Sözleşme gereği yürürlüğe giren 6284 sayılı kanun kadının beyanı hüküm tesis etmek için değil, tedbir uygulamak için esas alınmaktadır. Yargılama esnasında masumiyet karinesi geçerliliğini sürdürmektedir. “Kadının beyanı esastır” demek, şiddet tehdidi altında olduğunu beyan eden kadının, ilave delil aramaksızın koruma mekanizmalarına dahil edilmesi anlamına gelmektedir.
•Sözleşme kadına süresiz nafaka hakkı verip erkekleri mağdur ediyor dediler.
İstanbul Sözleşmesi’nde nafakaya ilişkin herhangi bir düzenleme bulunmamaktadır.

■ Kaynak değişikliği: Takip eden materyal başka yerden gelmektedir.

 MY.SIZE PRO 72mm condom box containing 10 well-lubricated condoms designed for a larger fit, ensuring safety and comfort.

Yoksulluk nafakasına ilişkin hüküm Medeni Kanun’un 175. Maddesinde düzenlenmiş, özel olarak kadınlara tanınmış bir hak değildir, erkek için de şartların sağlaması koşuluyla yoksulluk nafakasına hükmedilebilir.

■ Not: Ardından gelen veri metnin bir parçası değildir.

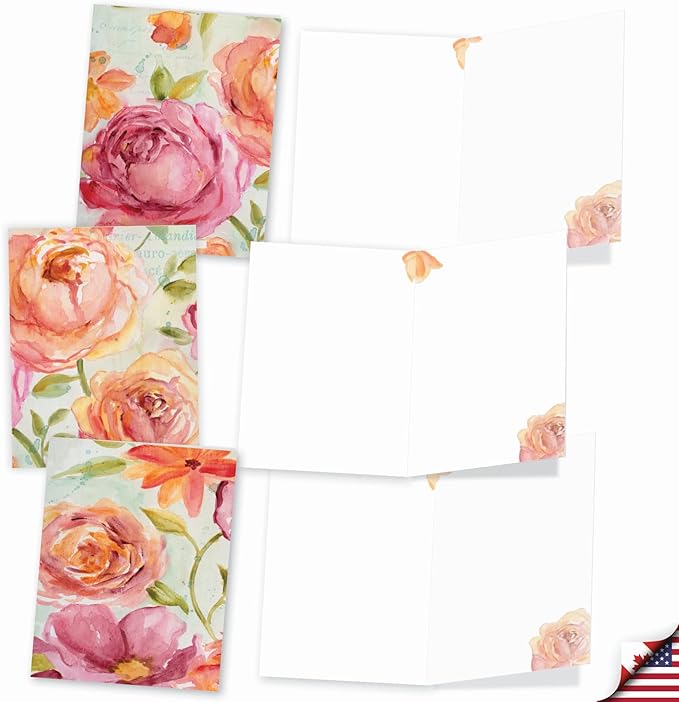 The Best Card Company - 10 Boxed Note Cards with Flowers - Blank Assorted Floral Notecards Bulk (4 x 5.12 Inch) - Warm Blossoms M1715BN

•Toplumun geneli sözleşmeden çekilmeyi talep ediyor algısı oluşturdular.
Konda’nın araştırma raporunda, çoğunluğun böyle bir talebi olmadığı görülebiliyor. Rapora göre Türkiye’nin sözleşmeden çıkması gerektiğini düşünenlerin oranı yüzde 7 iken, yüzde 36 ise sözleşmede kalınması gerektiğinden yana. Yüzde 58 ise konu hakkında fikri olmadığını belirtmiş.
• Sözleşme erkekleri evden uzaklaştırıp ailelerin dağılmasına neden oluyor dediler.
Sözleşme şiddetin her durumda engellenmesi gerektiğini hatırlatıyor. Erkekler değil, şiddet uygulayan erkekler, gerekli görülmesi durumunda evden uzaklaştırılmaktadır. Kısaca; İstanbul Sözleşmesi, kadınların, çocukların temel hak ve özgürlüklerini güvence altına alan ve şiddet mağdurlarının korunması, rehabilitasyonu ve bir daha aynı şiddet vakalarının yaşanmaması için topyekûn bir birlikteliği öngören, herkesin yaşama hakkının teminatıdır. Hukuki kazanımlarımızın bir gecede yok edilebileceğinin sanılması çok büyük yanılgıdır.
Sözleşmenin, Cumhurbaşkanı kararı ile ortadan kaldırılamayacağı, Anayasa’nın 104. maddesinin açık hükmüdür. TBMM’nin yani milletin iradesini yok sayarak Anayasa’nın 87. ve 90. maddelerine aykırı şekilde sözleşmeden çekilme kararının Anayasa’da temeli yoktur. İstanbul Sözleşmesi yürürlüktedir; uygulanmaya devam edecektir. Bu nedenle, öncelikle Türkiye Büyük Millet Meclisi’ni iradesine sahip çıkmak üzere göreve; siyasal iradeyi de hukuki tüm ilke ve kurallara uymaya davet ediyoruz.
İstanbul Sözleşmesi’nden vazgeçmemiz mümkün değildir. Anayasa’ya aykırı bu girişime karşı mücadelemizi sürdüreceğimizi belirtiyor, temel hak ve özgürlükleri ortadan kaldırmaya yönelik bu girişim karşısında toplumumuzun her kesimini bu mücadeleye destek vermeye ve dayanışmaya çağırıyoruz ve en yüksek perdeden sesleniyoruz: Karar alıcılar ve uygulayıcılar! Kendinizi sevimsiz kitlelere sevimli gösterme çabasından vazgeçin. Günü geldiğinde çalacağınız kapının ocağını tüttüren biz kadınların emeği olacaktır.
KADININ BEYANI ESASTIR! HALKIN BEYANI ESASTIR! KARARI GERİ ÇEK, SÖZLEŞMEYİ UYGULA!”